Take the lines in the listing below from the line with "Small Marcie bag" up to and including the line with "Shiny Grey Product detail" and set them down exactly, skipping pictures and adding nothing.

Data under study>
┄┄┄┄┄┄┄┄┄┄┄┄┄┄┄┄┄┄┄┄
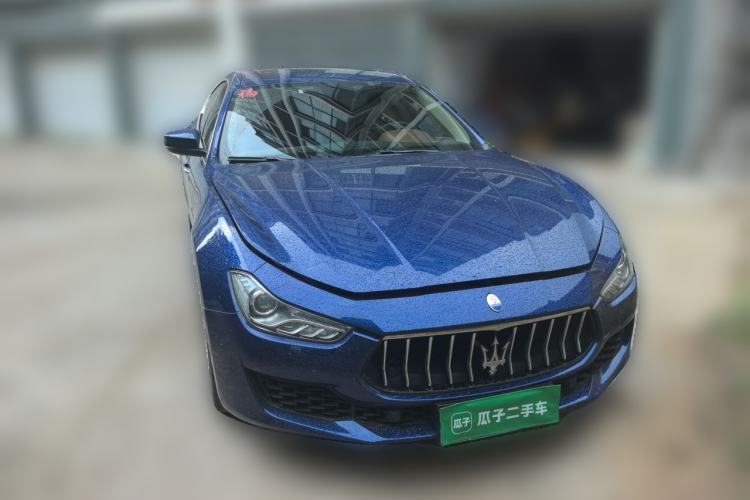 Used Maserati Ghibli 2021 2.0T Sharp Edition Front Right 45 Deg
┄┄┄┄┄┄┄┄┄┄┄┄┄┄┄┄┄┄┄┄
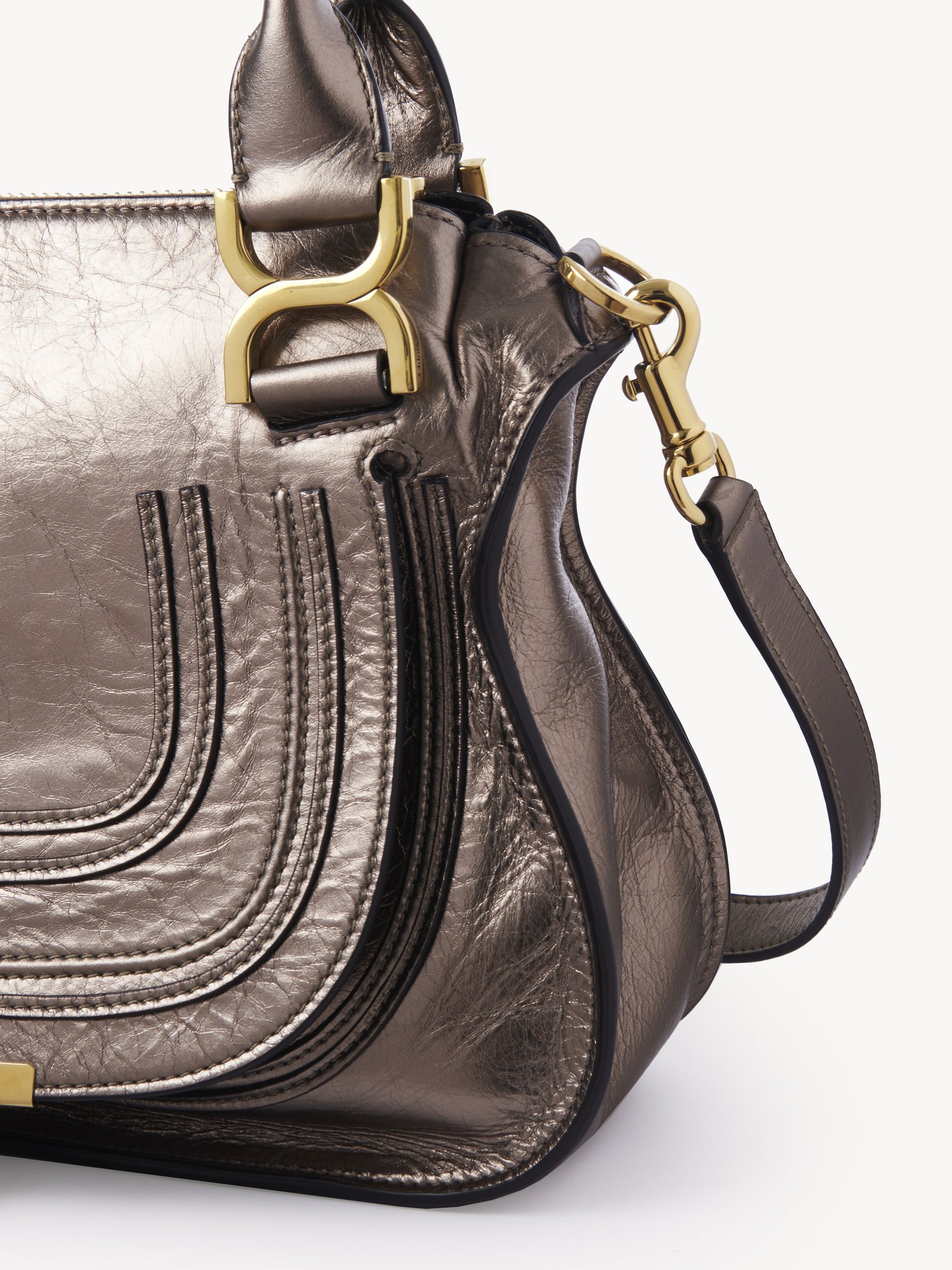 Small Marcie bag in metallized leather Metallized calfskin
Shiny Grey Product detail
┄┄┄┄┄┄┄┄┄┄┄┄┄┄┄┄┄┄┄┄
Task response>
 Small Marcie bag in metallized leather Metallized calfskin
Shiny Grey Product detail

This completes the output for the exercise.